If you are unfamiliar with DLSS, it stands for Deep Learning Super Sampling, and it’s accomplished by what the name breakdown suggests. AI-driven deep learning computers will take a frame from a game, analyze it, and supersample (that is to say, raise the resolution) while sharpening and accelerating it. DLSS 1.0 and 2.0 relied on a technique where a frame is analyzed and the next frame is then projected, and the whole process continues to leap back and forth like this the entire time you are playing. DLSS 3 no longer needs these frames, instead using the new Optical Multi Frame Generation for the creation of entirely new frames. This means it is no longer just adding more pixels, but instead constructing whole new additional AI frames in between the original frames to do it faster and cleaner.

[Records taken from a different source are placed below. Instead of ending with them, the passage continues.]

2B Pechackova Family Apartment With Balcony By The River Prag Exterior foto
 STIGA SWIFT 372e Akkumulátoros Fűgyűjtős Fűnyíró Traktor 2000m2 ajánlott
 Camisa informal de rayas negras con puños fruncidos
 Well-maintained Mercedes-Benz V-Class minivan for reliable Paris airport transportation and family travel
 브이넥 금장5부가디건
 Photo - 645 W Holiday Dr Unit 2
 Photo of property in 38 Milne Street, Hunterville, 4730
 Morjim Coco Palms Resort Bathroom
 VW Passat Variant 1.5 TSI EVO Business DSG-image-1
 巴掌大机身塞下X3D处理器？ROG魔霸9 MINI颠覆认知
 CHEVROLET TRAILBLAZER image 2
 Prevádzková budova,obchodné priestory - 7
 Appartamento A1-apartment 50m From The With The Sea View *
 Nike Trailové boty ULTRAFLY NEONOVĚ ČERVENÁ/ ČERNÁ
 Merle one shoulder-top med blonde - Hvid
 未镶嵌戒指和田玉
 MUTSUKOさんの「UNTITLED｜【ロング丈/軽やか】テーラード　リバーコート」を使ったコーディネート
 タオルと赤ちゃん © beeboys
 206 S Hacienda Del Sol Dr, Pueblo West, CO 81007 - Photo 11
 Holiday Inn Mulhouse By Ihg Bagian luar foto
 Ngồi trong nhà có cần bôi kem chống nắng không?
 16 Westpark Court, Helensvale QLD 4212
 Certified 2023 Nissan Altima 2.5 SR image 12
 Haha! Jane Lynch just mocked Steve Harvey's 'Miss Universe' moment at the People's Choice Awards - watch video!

A peek under the hood of DLSS 3 shows that the AI behind the technology is actually reconstructing ¾ of the first frame, the entirety of the second frame, and then ¾ of the third, and the entirety of the fourth, and so on. Using these four frames, alongside data from the optical flow field from the Optical Flow Accelerator, allows DLSS 3 to predict the next frame based on where any objects in the scene are, as well as where they are going. This approach generates 7/8ths of a scene using only 1/8th of the pixels, and the predictive algorithm does so in a way that is almost undetectable to the human eye. Lights, shadows, particle effects, reflections, light bounce – all of it is calculated this way, resulting in the staggering improvements I’ll be showing you in the benchmarking section of this review.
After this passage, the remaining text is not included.